Investigating Training and Generalization in Faithful Self-Explanations of Large Language Models
Tomoki Doi, Masaru Isonuma, Hitomi Yanaka
TL;DR
The paper tackles the persistent problem of faithfulness in LLM self-explanations by constructing pseudo-faithful explanations across attribution, redaction, and counterfactual styles and training instruction-tuned models with these signals. Using three tasks (Sentiment140, SNLI, AGNews) and two model scales (Tulu-2 7B, 13B), it demonstrates that training with pseudo-faithful explanations improves the proportion of faithful self-explanations across styles and tasks. The study also shows partial generalization to unconstrained multi-word explanations and unseen tasks, and observes cross-style transfer of faithfulness improvements, suggesting a broader enhancement of self-explanation capability. Limitations include reliance on one-word constraints, dataset scope, and access to training data, but the results offer a practical path toward more trustworthy LLM explanations.
Abstract
Large language models have the potential to generate explanations for their own predictions in a variety of styles based on user instructions. Recent research has examined whether these self-explanations faithfully reflect the models' actual behavior and has found that they often lack faithfulness. However, the question of how to improve faithfulness remains underexplored. Moreover, because different explanation styles have superficially distinct characteristics, it is unclear whether improvements observed in one style also arise when using other styles.
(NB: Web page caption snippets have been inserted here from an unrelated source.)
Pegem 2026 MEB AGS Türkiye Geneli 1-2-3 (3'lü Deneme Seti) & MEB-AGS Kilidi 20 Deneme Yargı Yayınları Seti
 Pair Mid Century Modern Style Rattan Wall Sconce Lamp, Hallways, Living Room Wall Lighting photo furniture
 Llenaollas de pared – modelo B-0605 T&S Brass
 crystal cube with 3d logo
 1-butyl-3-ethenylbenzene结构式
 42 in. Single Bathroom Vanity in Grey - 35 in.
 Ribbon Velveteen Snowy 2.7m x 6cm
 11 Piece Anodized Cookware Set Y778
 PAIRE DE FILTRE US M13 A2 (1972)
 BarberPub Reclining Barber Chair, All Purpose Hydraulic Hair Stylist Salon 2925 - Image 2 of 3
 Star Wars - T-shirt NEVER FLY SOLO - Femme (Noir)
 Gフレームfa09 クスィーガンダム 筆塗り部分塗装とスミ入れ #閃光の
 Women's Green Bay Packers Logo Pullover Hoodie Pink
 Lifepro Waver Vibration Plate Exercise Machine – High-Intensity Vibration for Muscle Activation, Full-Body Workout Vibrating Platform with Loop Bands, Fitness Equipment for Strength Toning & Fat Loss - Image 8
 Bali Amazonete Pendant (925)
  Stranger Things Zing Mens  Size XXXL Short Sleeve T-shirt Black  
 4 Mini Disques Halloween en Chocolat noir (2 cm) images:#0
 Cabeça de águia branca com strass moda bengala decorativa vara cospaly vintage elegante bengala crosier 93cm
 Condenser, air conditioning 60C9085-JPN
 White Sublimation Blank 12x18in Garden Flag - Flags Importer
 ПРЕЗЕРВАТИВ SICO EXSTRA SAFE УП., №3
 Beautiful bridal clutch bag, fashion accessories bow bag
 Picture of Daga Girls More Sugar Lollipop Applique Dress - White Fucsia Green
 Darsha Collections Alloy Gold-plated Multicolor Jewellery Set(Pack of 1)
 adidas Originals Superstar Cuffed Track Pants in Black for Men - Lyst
This study analyzes the effects of training for faithful self-explanations and the extent to which these effects generalize, using three classification tasks and three explanation styles. We construct one-word constrained explanations that are likely to be faithful using a feature attribution method, and use these pseudo-faithful self-explanations for continual learning on instruction-tuned models. Our experiments demonstrate that training can improve self-explanation faithfulness across all classification tasks and explanation styles, and that these improvements also show signs of generalization to the multi-word settings and to unseen tasks. Furthermore, we find consistent cross-style generalization among three styles, suggesting that training may contribute to a broader improvement in faithful self-explanation ability.